The major equipment vendors such as Ericsson, Alcatel-Lucent and Nokia-Siemens Networks are leading vendors of IMS solutions and jointly claim hundreds of contracts. The IMS standard has also been adopted by Cable network operators who are using it to deliver business and residential telephone services.
4G may be the first step to IMS for Mobile Network Operators
In the mobile world, North American CDMA operators such as Verizon Wireless have been very enthusiastic about IMS, and have selected Nokia-Siemens Networks as their IMS supplier as part of their 4G LTE network due to go live in 2010. There are a number of good reasons for this, including:
- CDMA operators have to make a change to their core network technology when they deploy LTE – CDMA core networks won’t support it. Therefore, why not jump direct to the latest and long term solution.
- LTE provides a fast and low latency radio access network that is a good access technology for VoIP
- IMS can be used for both fixed and wireline connections
- IMS will provide a wider range of services
- IMS can manage data traffic prioritisation extensively including differential billing
Softbank Japan – a combined wireline broadband and mobile operator - is also using SIP/IMS in its network.
How will today’s operators migrate to IMS?
At first glance, IMS changes many parts of a mobile network. The Mobile Switching Centre (MSC) which is the switch control function that sets up calls is replaced by a SIP Server that performs a similar function. These servers may combine several functional elements from the SIP standards including CSCF (Call State Control Function – the core switching capability) and the Application Servers. Initially, interconnection with other networks will be via media gateways. In the future, where multiple IMS networks are interconnected, they will only require a Session Border Gateway – radically simplifying the interconnection and costs involved. The Home Location Register (HLR), a database that keeps track of where all subscribers are at any time is extended to become a Home Subscriber Store (HSS) that also performs the same functions but is also accessible via IP.
Those supplementary services that we all use, such as voicemail and text messaging have to be accessible from both old and new network technologies depending on how we are connected to the network. There are several vendors offering application servers to bridge this gap – these are also known as convergence servers and emulate or convert the signalling between IMS and existing 3G network protocols and services.
At the time IMS was first conceived, existing 2G mobile networks were controlled by early designs of MSCs which themselves were based on existing ISDN landline switches. Over time, these monoliths have been transformed into separate MSC Servers (which handle all the control processing) and MSC gateways (which handle all the bearer traffic). Instead of being connected by circuit switched transmission, many long distance connections already use VoIP and other packet technologies. Therefore, some of the original benefits of switching to IMS have already been realised in today’s architectures.
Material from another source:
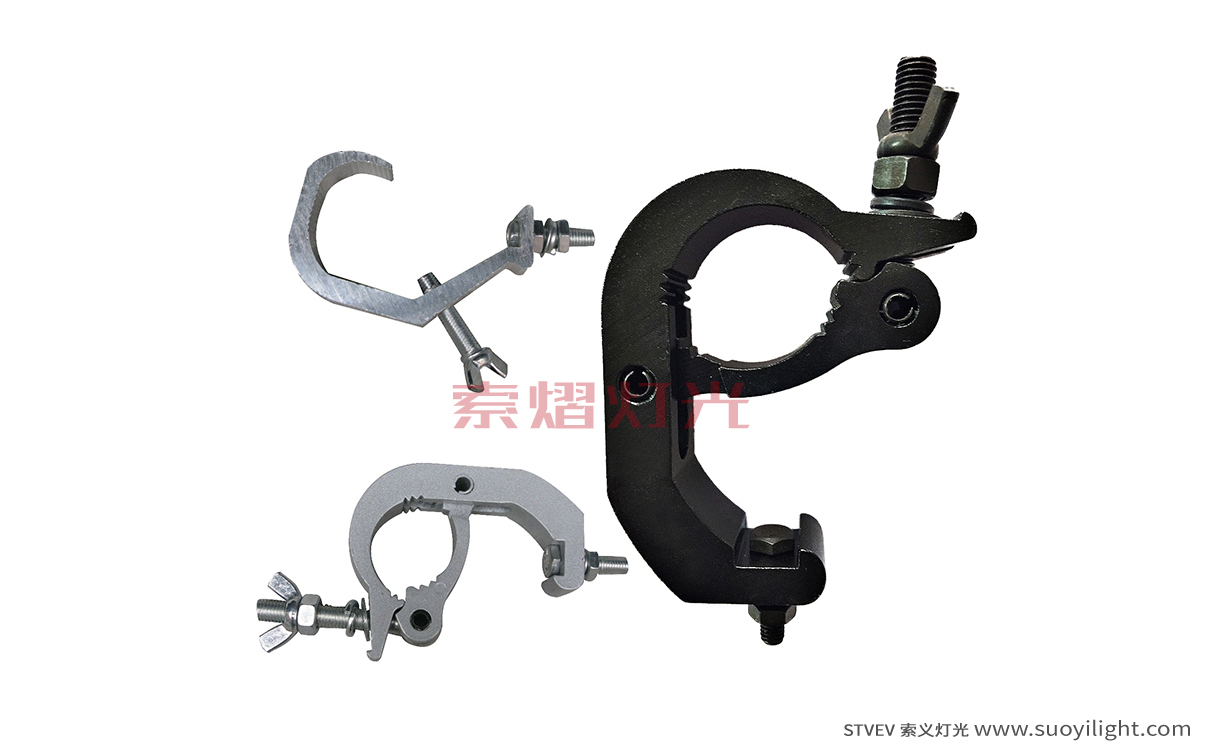 PortugalStage Lighting Hook Clamp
Some argue to retain the existing core network
A lobby group are arguing to retain the current GSM model of call control instead of switching to IMS. Their target is the way in which voice is handled for the new 4G LTE networks, which had up to now assumed would use IMS. Adopting a technology developed to extend GSM mobile phone service over WiFi, called GAN (Generic Access Network) and also known under the term UMA (Universal Mobile Access), this approach would conserve existing voice services over the 4G network – simplifying the migration for current 3G UMTS operators and limiting their investment.
This group initiative is called VoLGA Forum (Voice over LTE Generic Access) and includes major vendors including Alcatel-Lucent, Ericsson and Huawei as well as operator T-Mobile. The Stage 1 specifications are published on their website. This option is available to GSM operators, but does not apply to CDMA operators who are all committed to IMS.